Contigo destrocei tudo aquilo que, algum dia, meu coração venerara, derribei todos os marcos de fronteira e ídolos, deixei-me atrair pelos mais perigosos desejos – em verdade, não há delito sobre o qual eu não passasse uma vez.
Contigo desaprendi a fá nas palavras, nos valores e nos grandes nomes. Quando o Diabo muda de pele, não perde, com a pele velha, também o nome? Porque também esse é pele. O próprio Diabo talvez seja – pele.
‘Nada é verdade, tudo é permitido’: assim eu dizia, para animar-me. Nas mais gélidas águas me atirei, com a cabeça e o coração. Ah, quantas vezes não fiquei, por causa disso, nu e vermelho como um camarão!

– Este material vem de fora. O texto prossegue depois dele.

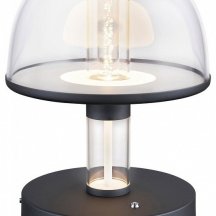 Интерьерная настольная лампа Favourite Flaska 4312-1T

Ah, onde foram parar todo o bem e todo o pudor e toda a fé nos bons! Ah, para onde foi aquela mendaz inocência que, antigamente, eu possuía, a inocência dos bons e de suas nobres mentiras!
Com demasiada freqüência, corri atrás da verdade, colado aos teus pés; e, então, ela pisou minha cabeça. Às vezes, eu pensava mentir e eis que, somente então, encontrava – a verdade.
Coisas demais se me tornaram claras; agora, nada mais me importa. Nada mais existe que eu ame – como ainda haveria de amar-me a mim mesmo?
‘Viver como me apraz ou não viver de todo’: assim quero, assim quer também o ser mais santo. Mas, ai de mim! Como posso ainda, eu, ter alguma coisa – que me apraza?
Tenho, eu, porventura – ainda um fito? Um porto para o qual ruma a minha vela?
Um bom vento? Ah, somente quem sabe para onde vai sabe, também, que vento é bom e favorável à sua navegação.
Que me restou, ainda? Um coração cansado e atrevido; uma vontade inconstante; asas de vôo rasteiro; um espinhaço partido.
Essa procura do meu lar – ó Zaratustra, tu bem o sabes, esta procura foi a minha provação; e me consome.
Onde está – o meu lar? Por ele pergunto e procuro e procurei e não o encontrei. Ó eterno por toda a parte, ó eterno em parte alguma, ó eterno – inutilmente!”